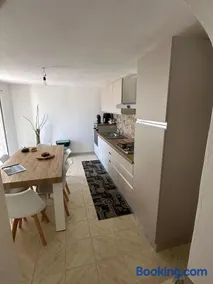Sampa House - Image 3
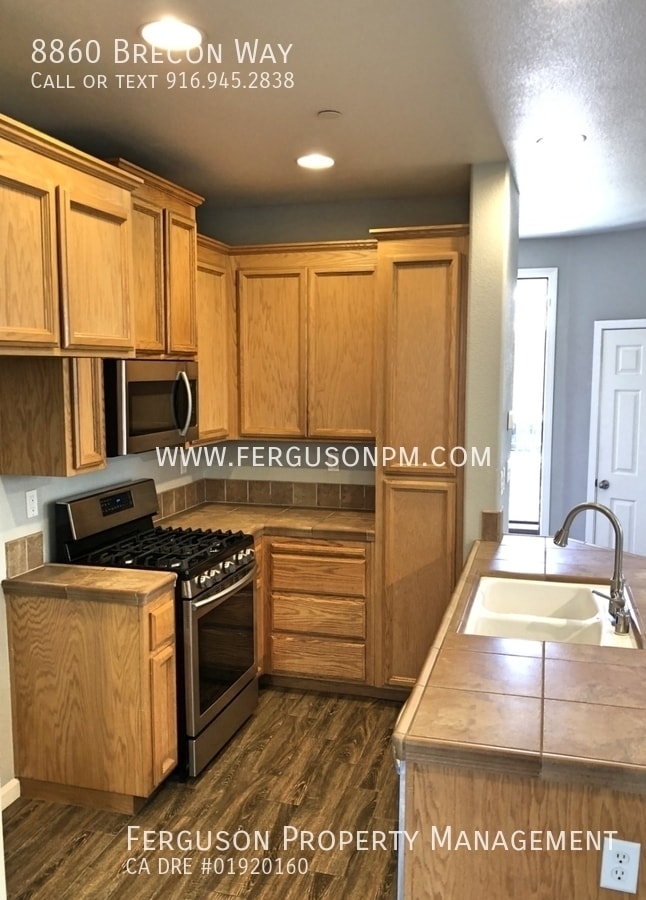 Building Photo - 8860 Brecon Way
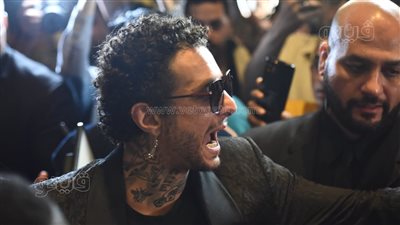 انفعال أحمد الفيشاوي في العرض الخاص لفيلم رهبة.. اعرف السبب (صور)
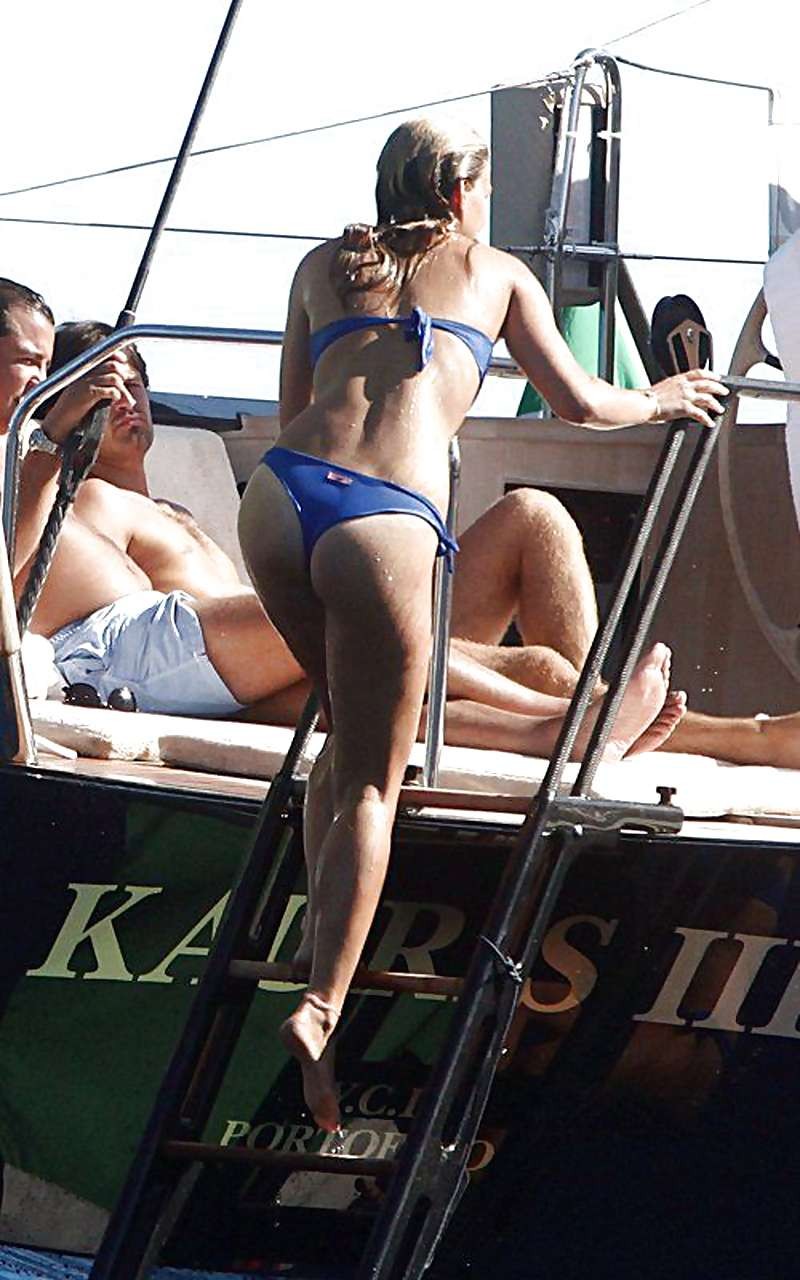 Bar Refaeli zeigt ihren fantastischen Arsch im blauen Bikini und spielt am Strand
 #75289891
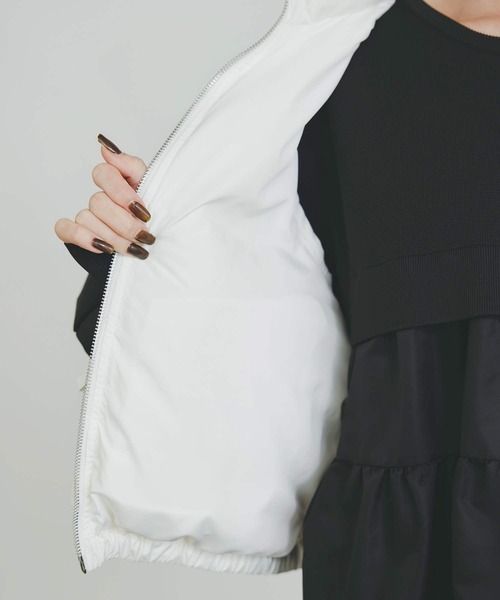 PICCIN（ピッチン）の「リボンダウンベスト（ダウンベスト・レディース・オフホワイト/ブラック・M）」の4枚目の写真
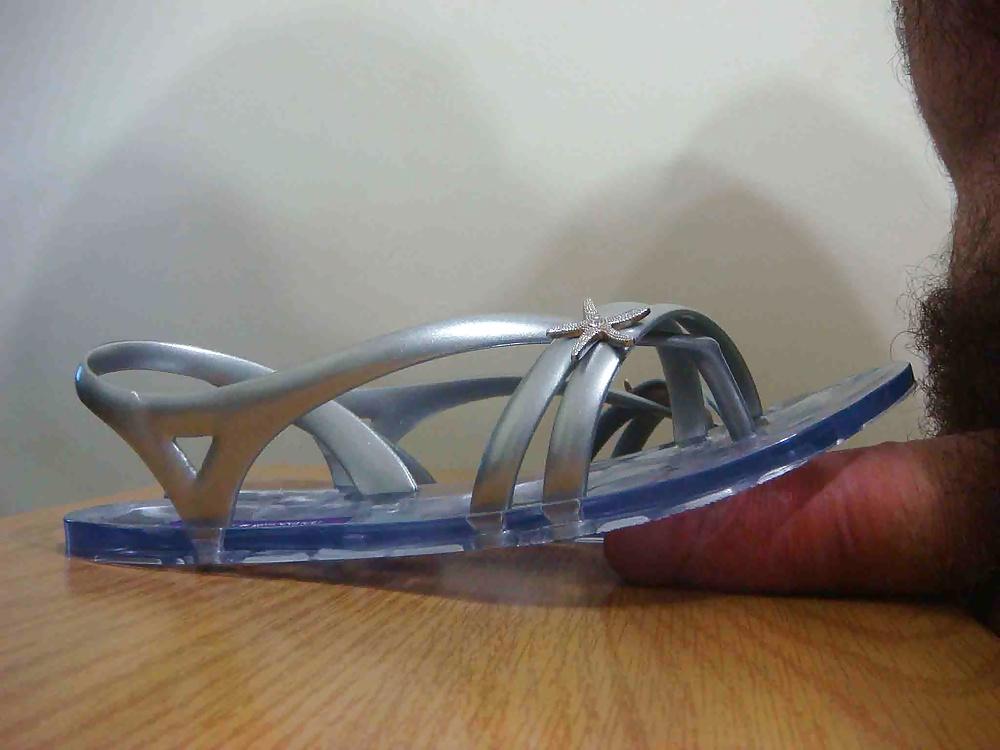 23P Sandalia plastica transparente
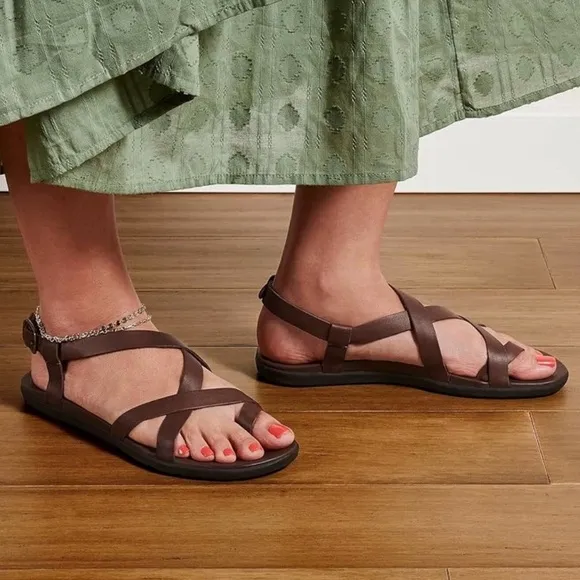 NWOT Olukai ‘Upena Women’s Leather Beach Sandals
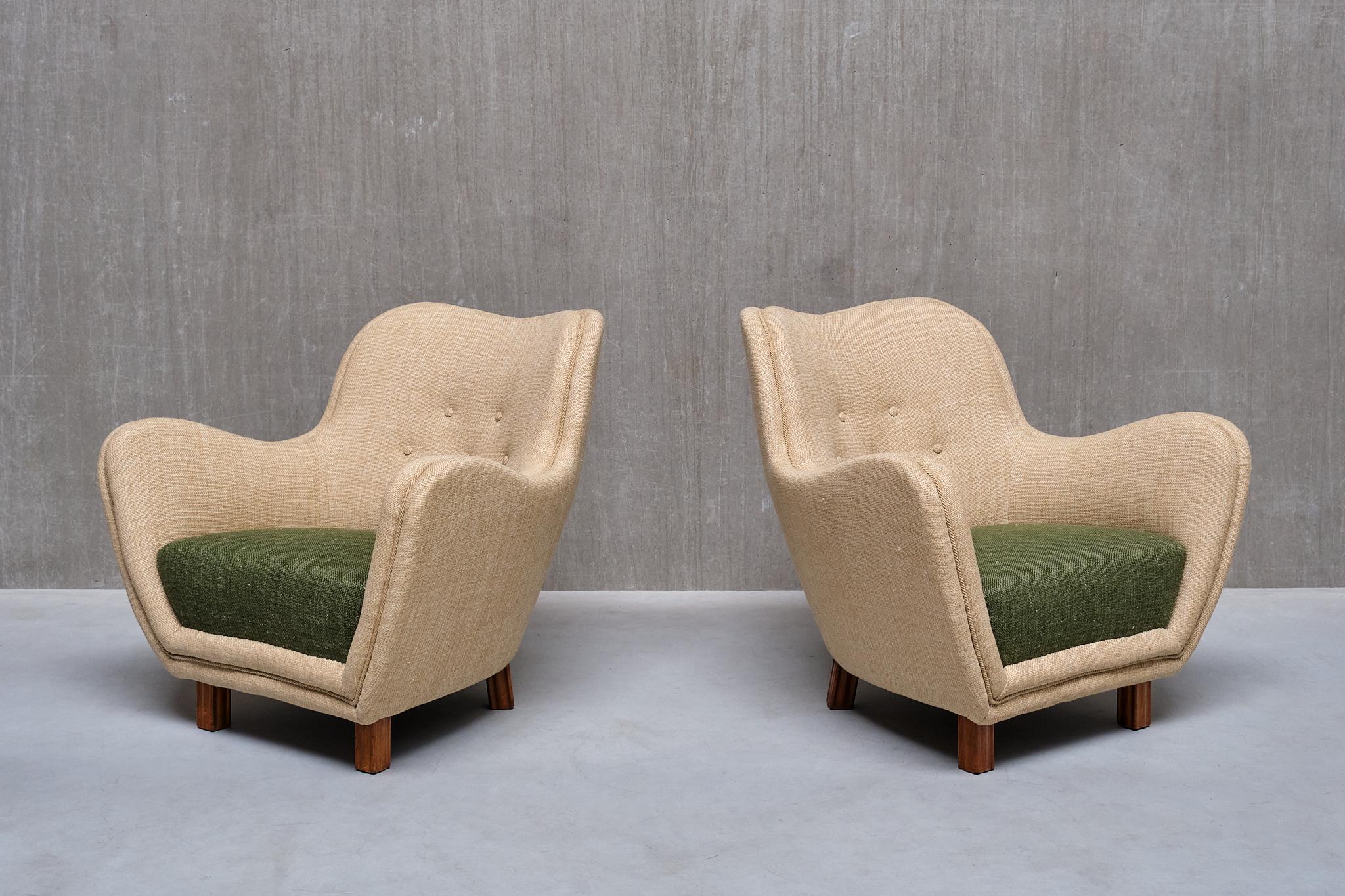 Suédois Paire de fauteuils Sten Wicéns en tissu Pierre Frey et orme, Suède, années 1950 en vente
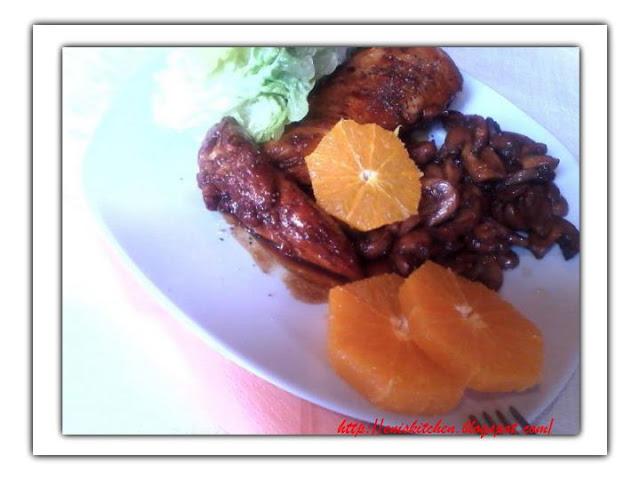 Pollo en salsa de naranja con champiñones laminados - Piept de pui in sos de portocale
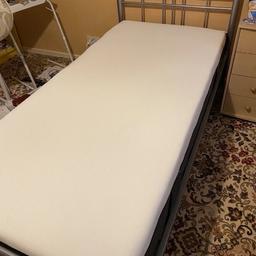 Metal Silver Single Bed Frame
(MATTRESS NOT INCLUDED)

Collection Tamworth (B79)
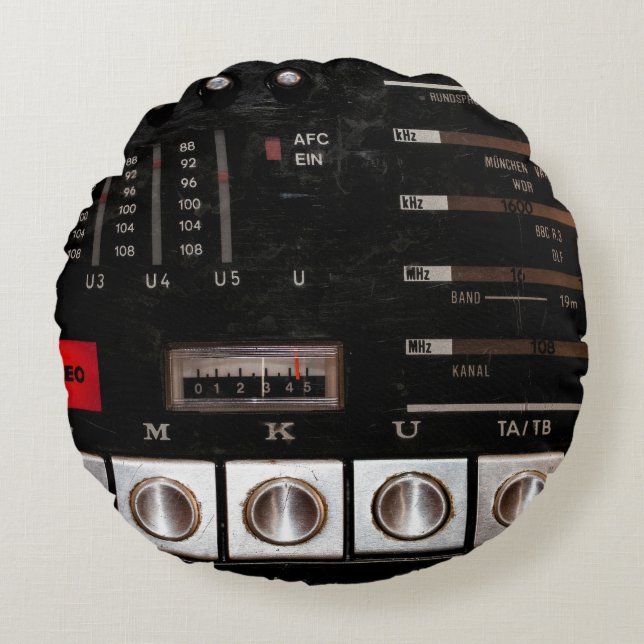 Nostalgic Radio: Stereo Button Display Round Cushion (Front)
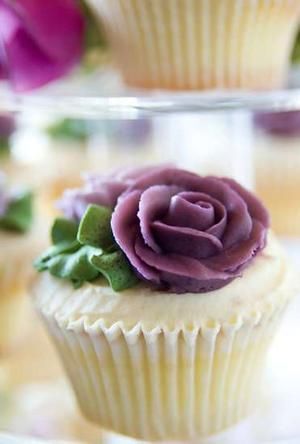 Gathered Adorable Flower Decorated Cupcakes♡にて紹介している画像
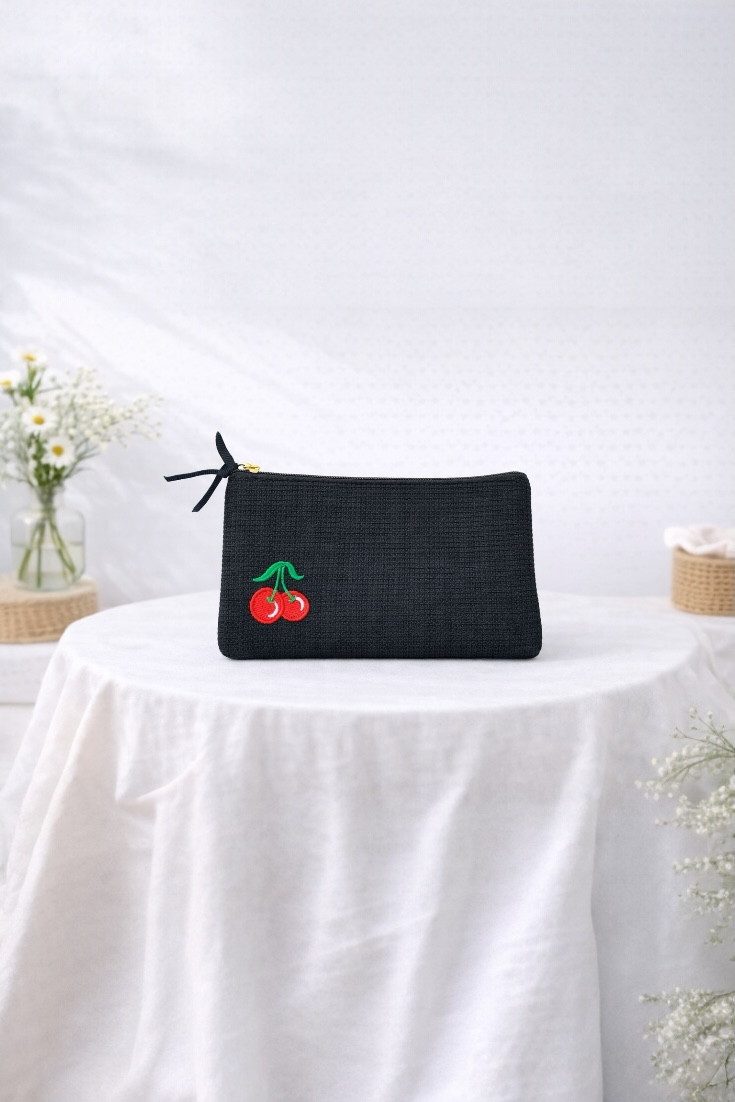 Photoroom_20260210_144723 Mini Pochette Brodée Cerises En Toile Texturée – Image 1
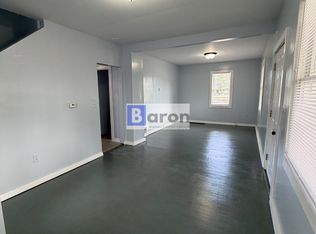 2513 Lawton St, South Bend, IN 46628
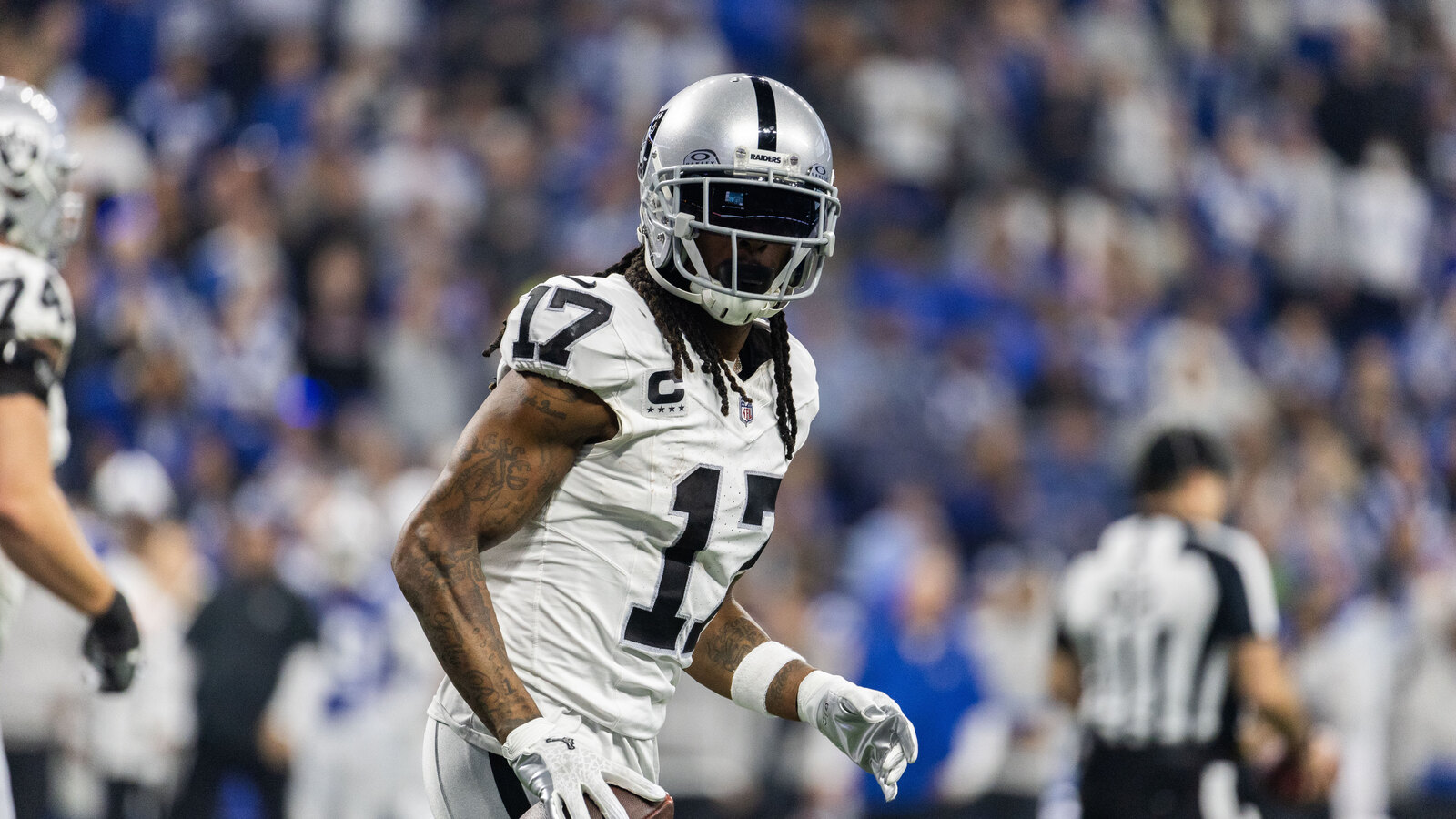 Steelers Among Favorites to Land Raiders Star WR Davante Adams in Trade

::::

** What is being asked **
Only the lines from the beginning of the records through the line bearing "Suédois Paire de" belong in the answer, copied word for word with pictures left out.

** Written answer **
Sampa House - Image 3
 Building Photo - 8860 Brecon Way
 انفعال أحمد الفيشاوي في العرض الخاص لفيلم رهبة.. اعرف السبب (صور)
 Bar Refaeli zeigt ihren fantastischen Arsch im blauen Bikini und spielt am Strand
 #75289891
 PICCIN（ピッチン）の「リボンダウンベスト（ダウンベスト・レディース・オフホワイト/ブラック・M）」の4枚目の写真
 23P Sandalia plastica transparente
 NWOT Olukai ‘Upena Women’s Leather Beach Sandals
 Suédois Paire de fauteuils Sten Wicéns en tissu Pierre Frey et orme, Suède, années 1950 en vente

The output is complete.